Dawkins talked about the five skulls--a;; very different from each other-- that were found together in a cave suggesting that all five were from the same place and time. It claimed it as a victory for the “lumpers” over the “splitters.” The splitters always want to create a new species; the lumpers interpret the differences as variation within a species. Dawkins spoke about the misunderstandings around evolution. Natural selection is not random. The mutations are random; the selection is quite organized.

Dawkins  referred to both Obama and Kennedy as atheists. But he refuted Bill’s contention that Pope Francis is an atheist.  Dawkins said, “He’s just nice.”  Bill said, “Islam needs a Pope Frank.”

Bill’s final New Rules segment focused on the minimum wage.  Michelle Bachman and Ted Cruz are among those who want to eliminate it. Bachman said we would have full employment if we eliminated the minimum wage. My view: We had a system like that once—it was called slavery. 

Bill said eliminating the minimum wage would put us in an economic death spiral. Most fast food workers, average age 29, earning minimum wage are on public assistance--food stamps, for instance.  If the minimum wage was raised taxpayers wouldn’t have to pick up the slack.  So do we want no minimum wage or do we want no welfare—we can’t have both. Bill said “We are tired of helping highly profitable companies to pay their employees.” 

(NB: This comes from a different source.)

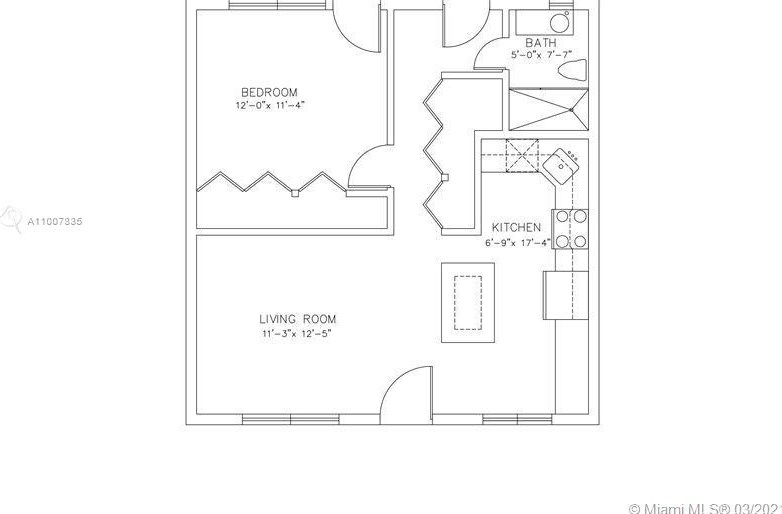 7300 Byron Ave #4, Miami, FL 33141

Bill didn’t mention it but there are a few new fast food chains paying their employees very well-- $15 an hour and up. The one I have heard about is Moo Cluck Moo in Michigan. They have low employee turnover, good food, and good customer service. They are making a pofit and opening new stores.
Bill concluded saying that he had not been to a McDonalds drive-thru in years. “If I want to talk in the face of some red-nosed clown, I’ll debate John Boehner.”